Le baptistère Saint-Jean


Pour découvrir cet édifice, il vous faudra sortir (un peu) du centre historique et descendre la rue Jean Jaurès, en direction du Pont-Neuf. Cela vaut le coup d'oeil, puisque vous découvrirez un vieux baptistère, témoignage rarissime de l'architecture du Haut Moyen-Âge .

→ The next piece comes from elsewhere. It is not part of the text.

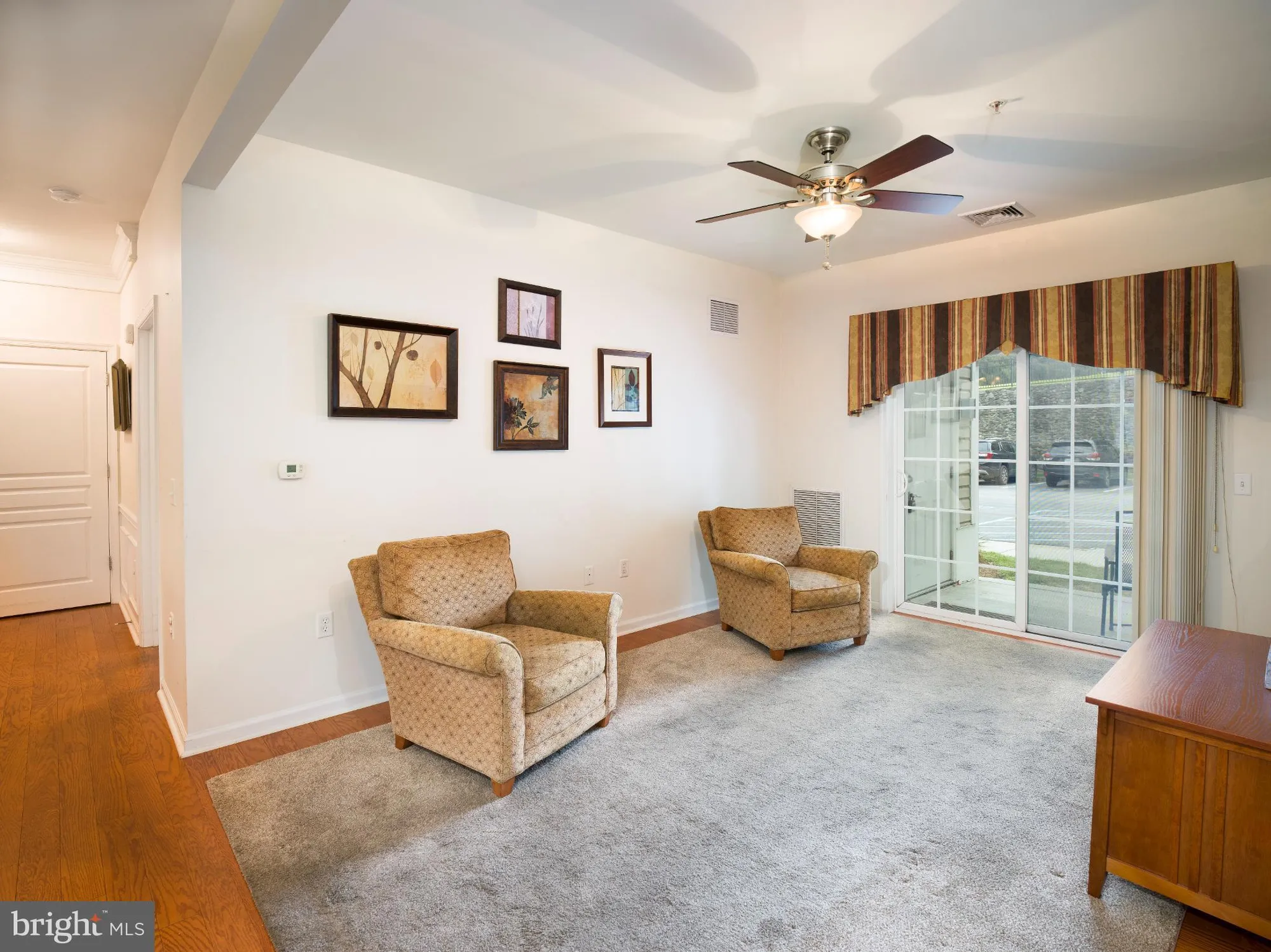 Property Slideshow image 6 of 28 | 411 creekside dr, Brookhaven, PA, 19015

Au début du IVe siècle, L'empereur romain Constantin Ier se convertit au christianisme, probablement davantage par calcul politique (il a alors besoin d'un élément fédérateur pour réunifier son royaume) que par conviction. Toujours est-il qu'après des siècles de persécutions, les chrétiens peuvent vivre leur foi au grand jour. S'en suit alors une frénésie de construction d'édifices religieux. Poitiers n'est pas en reste : Très tôt, elle est une cité chrétienne d'importance, en témoigne notamment ses nombreuses églises et son baptistère.





Cet édifice datant du Ve siècle est un précieux témoignage de l'architecture de la dynastie Mérovingienne, dont peu d'ouvrages ont été conservés. En effet, la plupart des églises et autres monuments cultuels du Haut Moyen-Âge étant devenus trop petits pour contenir le nombre croissant de fidèles, ils ont rapidement été démolis et remplacés par des bâtiments de plus grande envergure. Plusieurs fois modifiés au cours de son existence, le bâtiment actuel nous permet toutefois de visualiser ce à quoi pouvait ressembler un baptistère au début du Moyen-Âge.


Le baptistère se visite, et à l'intérieur vous pourrez découvrir une piscine baptismale et des peintures datant des XIIe et XIIIe siècle. Toutes les infos ici.


Sur la photo, vous pouvez voir que l'endroit est très agréable et qu'il se trouve juste à côté du musée Sainte-Croix, une vraie mine d'informations sur l'histoire de la ville de Poitiers.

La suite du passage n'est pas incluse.